Jeez, some of this is pretty painful. And that’s a shock, as I’ve heard Bethany Weimers live and found her impressive. She certainly has the attributes- an ultra-flexible clear alto voice, decent guitar and piano chops and a couple of decent songs. Some acts sound good on record and can’t cut it live- it is rare when the converse is true.

The EP starts with ‘I’ll be Waiting’, a gloomy pastoral fit for a modern-day Jane Eyre, consisting of vocal, acoustic and some plangent but basic violin. Bethany sings the opening section like a young Joan Baez but then ruins things by trying to sound like Grace Slick or PJ Harvey in the louder passages and the effect is overwrought and harsh. This forms a pattern for the rest of the record: when she underplays she’s rather good, but when she tries to raise the emotional level the quality of the singing plummets.

’Weapons and Things’is a good song and works well live. There is a genuine creepiness to some of the passages, which sound sophomoric on paper but when they are rendered by Bethany in an obsessive mutter make me glad I am not an ex-boyfriend:

‘ And oh, how my hate for you would put you first in line if I had a gun! It’s a good thing in England there are laws against weapons and killing and things.’

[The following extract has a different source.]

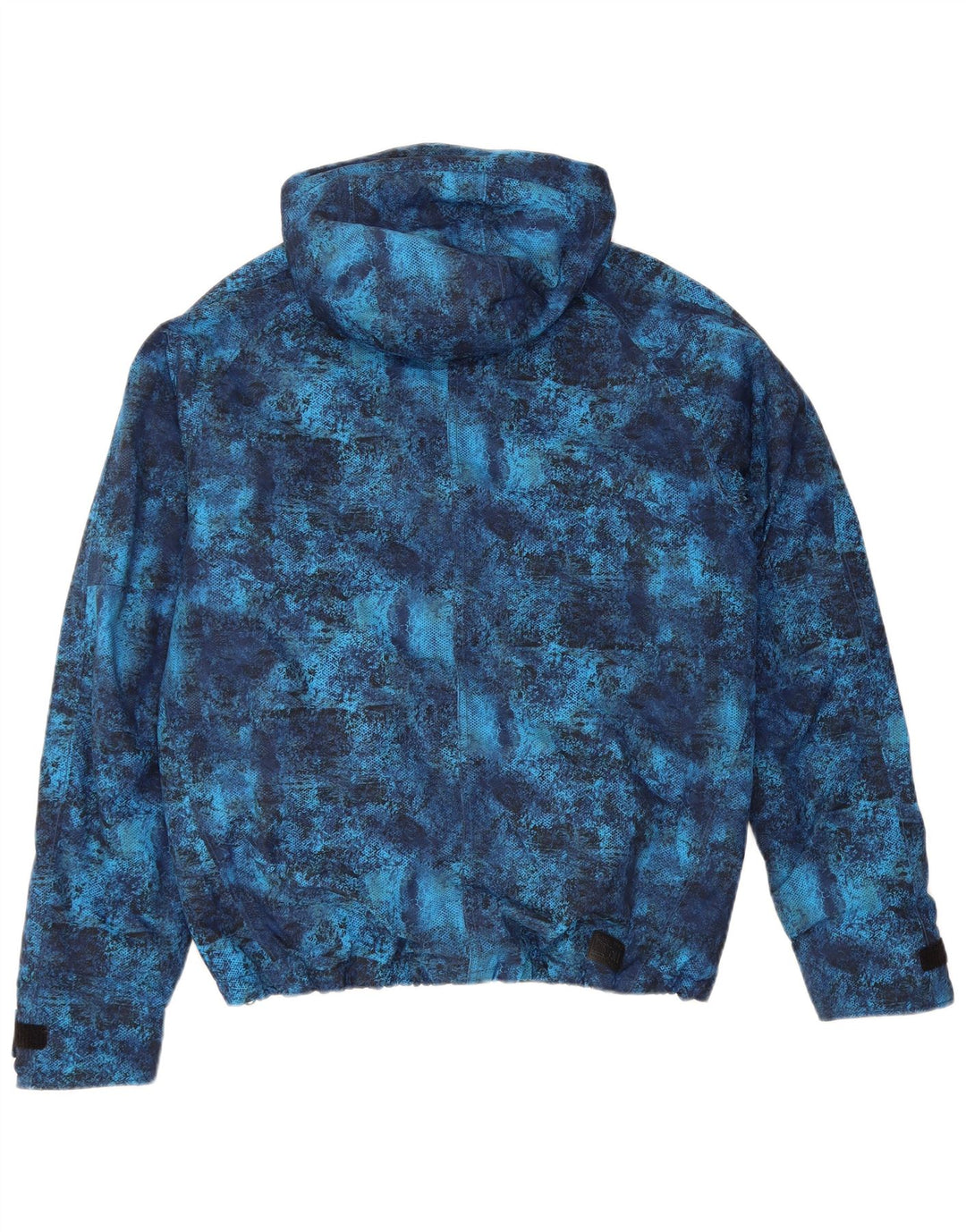 CHIEMSEE Мужская ветровка с капюшоном UK 38 Medium Blue Tie Dye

But again the high notes on record are pretty unpleasant to listen to. Whether it’s a technical problem or whether she’s striving too hard for effect, the result will send casual listeners running to the hills.

Much better is ‘Hold On’, a basic but effective torch ballad in which Weimers’ singing is throttled back a notch or two. As a song, it works OK on acoustic guitar, but might benefit by some subtle production: if the guy that produced Fiona Apples’s Tidal record is at a loose end, perhaps Weimers should sign him up

The record ends with ‘Trigger’ an obvious and tiresome anti-war rant. The only memorable thing about it is Weimers’ curious but energetic piano playing, a bizarre hybrid of Bob Dylan and Rachmaninov.

Bethany Weimers clearly has talent, but at the moment it is immature, unguided talent. The lyrics are vivid but unsophisticated, the arrangements are too basic for a modern audience and she doesn’t seem to be in control of her singing at certain points. Lots to fix then, but plenty of promise too.